QUAND ÉTHIQUE RIME AVEC ETHNIQUE

"J'suis pas musicien, mais j'entends aussi bien que ceux qui achètent les disques", disait COLUCHE.

J'ai souvent cette question, et à juste titre d'ailleurs, concernant l'éthique derrière cette activité. Comment sont rémunérés les artistes ? Quels sont leurs conditions de travail ? Les œuvres sont-elles authentiques ?

Tout d'abord, je tiens à préciser que je ne suis pas galeriste professionnel, mais simplement passionné d'art aborigène australien et amoureux de ce pays où j'ai eu la chance de vivre. Au fil des voyages en Australie, je commençais tout bonnement à me retrouver chez moi avec un nombre important de peintures & didgeridoo... et surtout l'envie de partager mes rencontres, mes découvertes suite aux différents séjours qui se sont succédés. J'ai alors créé Galerie GONDWANA.

N'étant pas galeriste de métier et ne souhaitant pas le devenir, j'ai alors trouvé ce compromis en présentant ces toiles sur internet, tout en collaborant avec de véritables lieux d'expositions dont c'est le métier de présenter des œuvres à leur public. J'organise donc de temps en temps, des expos physiques au travers de partenaires.

Mon objectif est simple, et je pense l'avoir concilié avec mes idéaux: Faire découvrir l'art & la culture aborigène en France, continuer à apprendre des ces peuples, financer mes voyages en Australie et le faire dans un cadre éthique.

UN CADRE ÉTHIQUE POUR LES ARTISTES ABORIGENE 

Début des années 2000, lors d'un voyage en Australie, au détour d'une visite dans une galerie d'art du côté de Cairns, je tombe amoureux d'une toile. C'est le coup de foudre, mais elle est chère pour moi, plus de 1000$. Le coup de cœur est là, je casse ma tirelire. 

Quelques jours plus tard, à Alice Springs, je rencontre une association de femmes, victimes de violences conjugales (et oui l'alcool fait des ravages dans les communautés). Elles se regroupent et peignent. il y a bien entendu un côté thérapeutique à cet atelier, mais leur travail est fabuleux, remarquable. Là encore une toile me fait de l'œil... sauf que cette fois-ci nous sommes à 350$. Bien que d'un format plus petit, la différence est flagrante, d'autant que j'ai la sensation de me rapprocher de la source et de mieux en comprendre l'origine, plutôt que de simplement consommer des symboles et couleurs sans en saisir les fondements.

Quelques jours plus tard, un dimanche après-midi, je déambule dans l'artère principale d'Alice-Springs et je tombe sur une famille aborigène un peu mal en point. L'homme semble clairement sous l'emprise de l'alcool, et l'équipée me semble bien cabossés par la vie. Là l'homme m'interpelle et veut absolument me vendre une toile, de qualité bien moyenne. Je décline son offre et comprends clairement que l'argent servira malheureusement à acheter le prochain pack de bières... Le prix était de 50$ !?!

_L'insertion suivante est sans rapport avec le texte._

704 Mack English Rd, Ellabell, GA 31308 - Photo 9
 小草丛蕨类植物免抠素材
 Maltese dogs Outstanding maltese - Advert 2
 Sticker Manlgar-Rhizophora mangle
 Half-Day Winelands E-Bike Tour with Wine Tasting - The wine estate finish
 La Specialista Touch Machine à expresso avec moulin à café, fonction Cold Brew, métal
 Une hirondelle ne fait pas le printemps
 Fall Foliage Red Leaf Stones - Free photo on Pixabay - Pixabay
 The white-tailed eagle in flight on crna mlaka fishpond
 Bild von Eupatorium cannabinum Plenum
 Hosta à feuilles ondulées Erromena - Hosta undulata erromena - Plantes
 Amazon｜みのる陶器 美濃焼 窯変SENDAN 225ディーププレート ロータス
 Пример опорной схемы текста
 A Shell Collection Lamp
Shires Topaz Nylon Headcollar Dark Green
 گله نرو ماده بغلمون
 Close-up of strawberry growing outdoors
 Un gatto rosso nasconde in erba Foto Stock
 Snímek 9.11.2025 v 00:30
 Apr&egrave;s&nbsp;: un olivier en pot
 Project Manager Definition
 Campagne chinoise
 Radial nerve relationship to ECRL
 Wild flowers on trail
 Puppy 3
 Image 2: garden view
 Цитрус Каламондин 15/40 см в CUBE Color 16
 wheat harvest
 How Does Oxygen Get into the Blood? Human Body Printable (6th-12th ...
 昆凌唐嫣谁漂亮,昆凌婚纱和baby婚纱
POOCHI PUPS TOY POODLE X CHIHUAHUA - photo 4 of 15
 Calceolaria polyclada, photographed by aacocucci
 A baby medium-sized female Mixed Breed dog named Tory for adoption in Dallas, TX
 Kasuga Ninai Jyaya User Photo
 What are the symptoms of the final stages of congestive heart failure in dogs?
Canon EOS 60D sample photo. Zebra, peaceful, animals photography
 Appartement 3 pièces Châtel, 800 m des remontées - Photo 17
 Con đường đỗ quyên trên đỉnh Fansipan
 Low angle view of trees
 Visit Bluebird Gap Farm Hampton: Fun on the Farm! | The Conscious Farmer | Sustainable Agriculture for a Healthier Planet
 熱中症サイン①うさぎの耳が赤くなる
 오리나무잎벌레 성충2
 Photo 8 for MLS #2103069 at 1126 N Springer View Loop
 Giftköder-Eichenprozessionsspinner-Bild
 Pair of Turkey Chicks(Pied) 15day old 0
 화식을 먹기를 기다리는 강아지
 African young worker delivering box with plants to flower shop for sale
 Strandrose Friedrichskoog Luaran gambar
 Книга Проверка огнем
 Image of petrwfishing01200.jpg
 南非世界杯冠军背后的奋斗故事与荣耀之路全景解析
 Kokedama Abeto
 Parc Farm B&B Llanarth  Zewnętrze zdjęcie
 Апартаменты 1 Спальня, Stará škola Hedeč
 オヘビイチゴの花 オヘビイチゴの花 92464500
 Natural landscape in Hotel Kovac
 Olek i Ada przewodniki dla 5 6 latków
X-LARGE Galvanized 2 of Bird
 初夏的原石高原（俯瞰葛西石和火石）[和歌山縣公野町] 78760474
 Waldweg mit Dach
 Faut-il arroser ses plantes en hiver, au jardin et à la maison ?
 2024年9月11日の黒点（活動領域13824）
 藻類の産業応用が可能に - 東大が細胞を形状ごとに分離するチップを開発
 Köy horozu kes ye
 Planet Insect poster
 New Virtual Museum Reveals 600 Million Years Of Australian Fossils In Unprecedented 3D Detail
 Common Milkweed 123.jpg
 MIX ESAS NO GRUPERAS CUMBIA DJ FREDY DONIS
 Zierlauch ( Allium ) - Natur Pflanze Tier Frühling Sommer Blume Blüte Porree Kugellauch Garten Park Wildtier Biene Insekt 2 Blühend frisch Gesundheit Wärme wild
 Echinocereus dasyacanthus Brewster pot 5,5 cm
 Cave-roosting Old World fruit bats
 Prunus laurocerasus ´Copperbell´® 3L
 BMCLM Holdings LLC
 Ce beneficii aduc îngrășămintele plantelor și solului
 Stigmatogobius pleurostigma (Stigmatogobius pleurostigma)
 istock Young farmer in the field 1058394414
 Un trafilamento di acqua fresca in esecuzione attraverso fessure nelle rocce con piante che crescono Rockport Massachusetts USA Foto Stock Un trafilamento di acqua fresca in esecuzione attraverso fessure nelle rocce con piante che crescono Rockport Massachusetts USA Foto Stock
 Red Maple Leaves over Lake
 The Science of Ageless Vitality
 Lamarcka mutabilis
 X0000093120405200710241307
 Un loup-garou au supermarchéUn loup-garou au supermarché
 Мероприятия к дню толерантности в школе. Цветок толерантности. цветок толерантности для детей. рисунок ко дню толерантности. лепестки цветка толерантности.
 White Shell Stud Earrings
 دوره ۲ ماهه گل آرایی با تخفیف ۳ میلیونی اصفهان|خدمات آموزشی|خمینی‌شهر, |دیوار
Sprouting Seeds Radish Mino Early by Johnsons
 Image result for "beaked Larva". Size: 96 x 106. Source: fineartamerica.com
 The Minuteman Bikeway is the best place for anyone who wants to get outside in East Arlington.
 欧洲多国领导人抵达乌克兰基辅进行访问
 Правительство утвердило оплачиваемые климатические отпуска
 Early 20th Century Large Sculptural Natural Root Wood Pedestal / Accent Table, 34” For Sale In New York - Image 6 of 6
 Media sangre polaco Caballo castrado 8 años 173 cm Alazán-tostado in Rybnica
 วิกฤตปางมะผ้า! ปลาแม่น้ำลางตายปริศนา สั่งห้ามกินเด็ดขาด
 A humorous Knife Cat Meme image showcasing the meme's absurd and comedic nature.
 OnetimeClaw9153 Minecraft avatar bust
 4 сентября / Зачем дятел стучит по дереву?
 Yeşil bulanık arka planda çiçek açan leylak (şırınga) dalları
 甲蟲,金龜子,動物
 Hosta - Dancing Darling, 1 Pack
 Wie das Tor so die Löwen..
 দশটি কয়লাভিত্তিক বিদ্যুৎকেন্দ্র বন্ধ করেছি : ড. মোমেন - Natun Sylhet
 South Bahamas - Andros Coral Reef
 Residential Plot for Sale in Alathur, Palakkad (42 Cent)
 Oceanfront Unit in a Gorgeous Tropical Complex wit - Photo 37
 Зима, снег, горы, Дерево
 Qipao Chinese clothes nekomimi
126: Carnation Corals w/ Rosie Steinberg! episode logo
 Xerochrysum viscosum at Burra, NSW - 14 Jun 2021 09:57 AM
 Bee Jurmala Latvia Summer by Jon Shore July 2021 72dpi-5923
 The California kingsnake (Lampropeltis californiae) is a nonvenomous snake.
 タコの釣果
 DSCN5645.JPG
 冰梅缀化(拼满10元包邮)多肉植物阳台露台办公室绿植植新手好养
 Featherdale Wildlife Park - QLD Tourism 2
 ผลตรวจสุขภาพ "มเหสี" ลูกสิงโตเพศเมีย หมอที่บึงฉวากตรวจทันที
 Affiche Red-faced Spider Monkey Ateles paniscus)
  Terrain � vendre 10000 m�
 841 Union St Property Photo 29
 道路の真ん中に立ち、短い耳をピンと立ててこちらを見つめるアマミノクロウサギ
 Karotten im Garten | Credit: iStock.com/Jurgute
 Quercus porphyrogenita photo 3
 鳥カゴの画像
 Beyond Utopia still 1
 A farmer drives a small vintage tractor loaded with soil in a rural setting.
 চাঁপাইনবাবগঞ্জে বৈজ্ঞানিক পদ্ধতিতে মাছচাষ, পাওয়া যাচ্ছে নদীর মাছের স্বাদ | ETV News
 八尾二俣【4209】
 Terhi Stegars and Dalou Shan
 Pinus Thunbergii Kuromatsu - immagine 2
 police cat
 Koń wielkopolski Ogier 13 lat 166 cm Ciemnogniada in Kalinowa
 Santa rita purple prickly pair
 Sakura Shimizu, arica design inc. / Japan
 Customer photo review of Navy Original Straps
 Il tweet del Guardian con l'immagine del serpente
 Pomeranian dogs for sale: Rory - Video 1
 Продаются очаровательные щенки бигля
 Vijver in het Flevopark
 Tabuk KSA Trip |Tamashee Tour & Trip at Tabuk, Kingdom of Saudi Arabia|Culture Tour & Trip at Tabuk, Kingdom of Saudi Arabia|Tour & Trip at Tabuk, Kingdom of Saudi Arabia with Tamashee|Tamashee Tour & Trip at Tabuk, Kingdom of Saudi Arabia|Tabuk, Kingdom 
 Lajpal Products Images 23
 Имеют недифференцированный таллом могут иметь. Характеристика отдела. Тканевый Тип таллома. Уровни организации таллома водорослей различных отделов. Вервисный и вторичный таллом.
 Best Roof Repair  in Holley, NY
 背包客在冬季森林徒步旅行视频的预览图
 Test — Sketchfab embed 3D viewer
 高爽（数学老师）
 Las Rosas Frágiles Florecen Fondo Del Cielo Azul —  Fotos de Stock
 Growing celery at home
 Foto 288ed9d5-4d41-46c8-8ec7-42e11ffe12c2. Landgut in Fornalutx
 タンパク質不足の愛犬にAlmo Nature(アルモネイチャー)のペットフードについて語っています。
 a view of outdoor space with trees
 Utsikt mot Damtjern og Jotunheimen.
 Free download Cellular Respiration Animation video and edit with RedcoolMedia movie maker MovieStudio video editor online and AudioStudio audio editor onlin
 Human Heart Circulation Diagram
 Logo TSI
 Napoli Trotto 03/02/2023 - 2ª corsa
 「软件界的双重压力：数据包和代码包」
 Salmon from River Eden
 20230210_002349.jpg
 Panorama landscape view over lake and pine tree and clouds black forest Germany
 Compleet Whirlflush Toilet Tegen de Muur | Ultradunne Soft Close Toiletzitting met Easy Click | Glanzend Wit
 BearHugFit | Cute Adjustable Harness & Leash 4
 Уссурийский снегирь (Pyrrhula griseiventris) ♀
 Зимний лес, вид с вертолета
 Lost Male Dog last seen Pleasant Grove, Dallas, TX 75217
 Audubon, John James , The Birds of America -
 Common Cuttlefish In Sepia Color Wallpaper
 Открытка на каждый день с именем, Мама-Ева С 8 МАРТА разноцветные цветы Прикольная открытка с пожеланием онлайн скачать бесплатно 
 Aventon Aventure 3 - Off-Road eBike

 De cette aventure, je suis rentré en France tracassé. Quel était le véritable prix ? Il n'y a aucun mal à vendre son travail, mais dans quelle poche allait l'argent ? Que pouvait financer cet argent... un pack de bière en guise de pansement éphémère pour une vie cabossée ou un véritable projet de société ? Et je ne fais là aucun jugement bien sûr, mais je m'interroge.

J'ai donc cherché et trouvé des communautés aborigènes structurées, organisées autour de projets pour leurs peuples. En 2009, j'ai ainsi créé Galerie GONDWANA, en travaillant directement avec des communautés du désert central australien, directement, sans intermédiaire.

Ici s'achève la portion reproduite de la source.